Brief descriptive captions

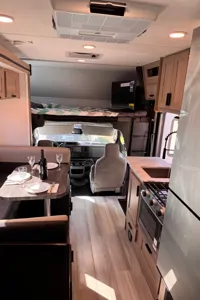 NEW 2025 Sunseeker 25ft | Roadtrip Escape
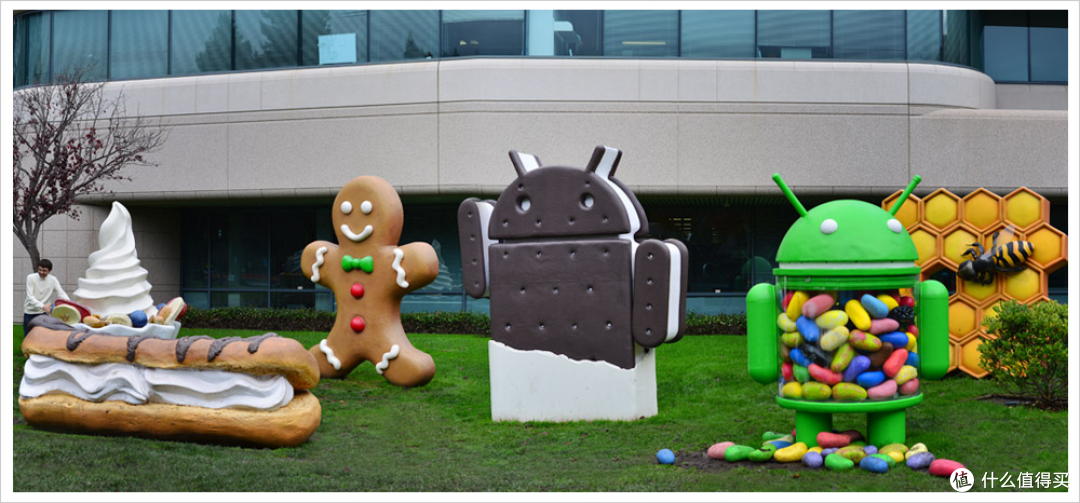 Google公司楼下摆满了的吉祥物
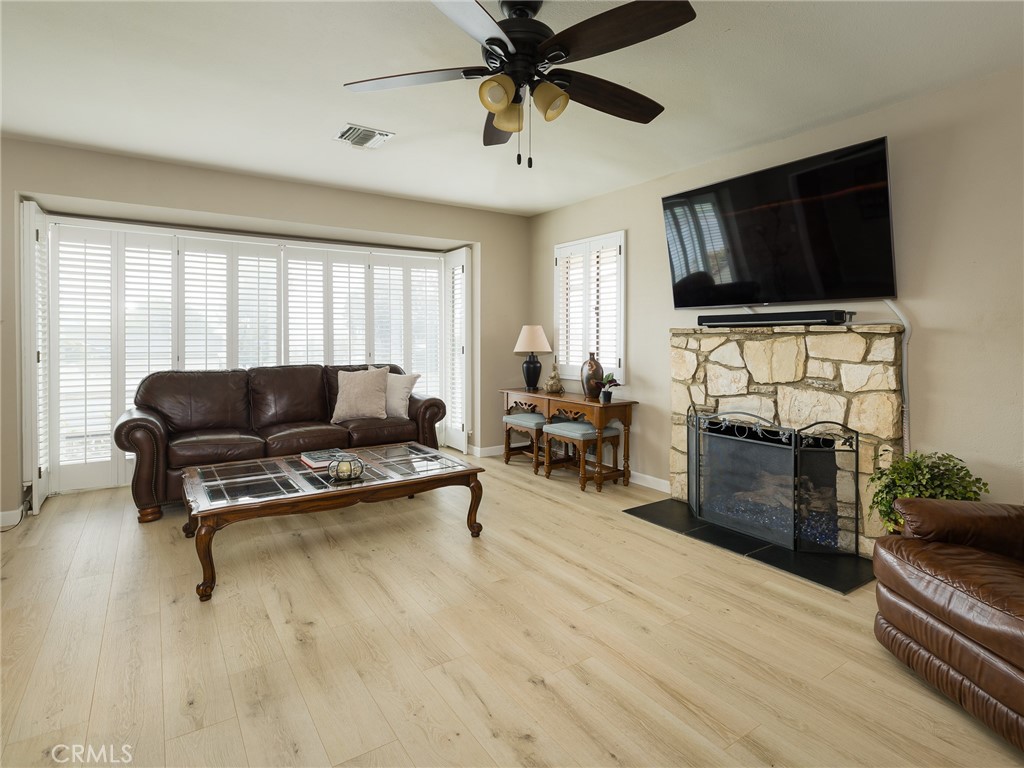4351 miraleste drive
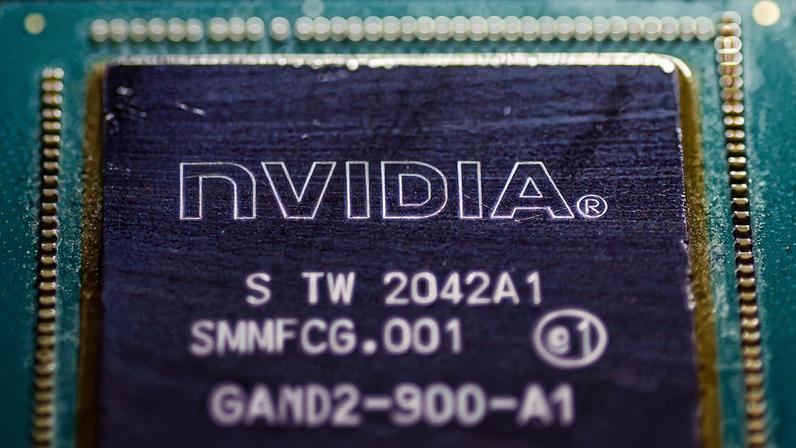 Um chip da Nvidia em Berlim, no dia 23 de julho de 2025. (Foto: HANNIBAL HANSCHKE/EFE)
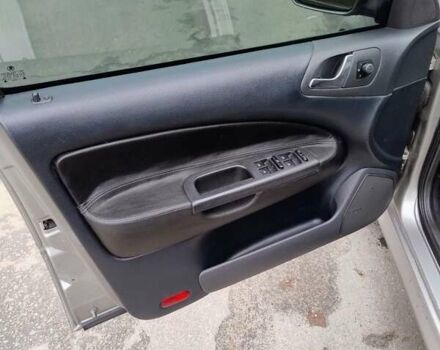 Бежевый Шкода Октавия, объемом двигателя 1.6 л и пробегом 285 тыс. км за 5600 $, фото 7 на Automoto.ua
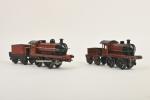 Märklin écart. O, deux petites locomotives mécaniques
bordeaux et crème, type...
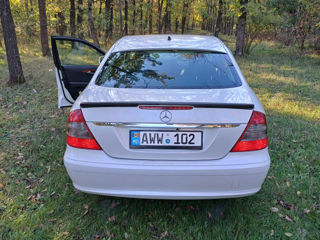 Mercedes E-Class foto 7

■ **Work to complete**:
Keep the pictures out and transcribe the entries exactly.

■ **Expected answer**:
 NEW 2025 Sunseeker 25ft | Roadtrip Escape
 Google公司楼下摆满了的吉祥物
4351 miraleste drive
 Um chip da Nvidia em Berlim, no dia 23 de julho de 2025. (Foto: HANNIBAL HANSCHKE/EFE)
 Бежевый Шкода Октавия, объемом двигателя 1.6 л и пробегом 285 тыс. км за 5600 $, фото 7 на Automoto.ua
 Märklin écart. O, deux petites locomotives mécaniques
bordeaux et crème, type...
 Mercedes E-Class foto 7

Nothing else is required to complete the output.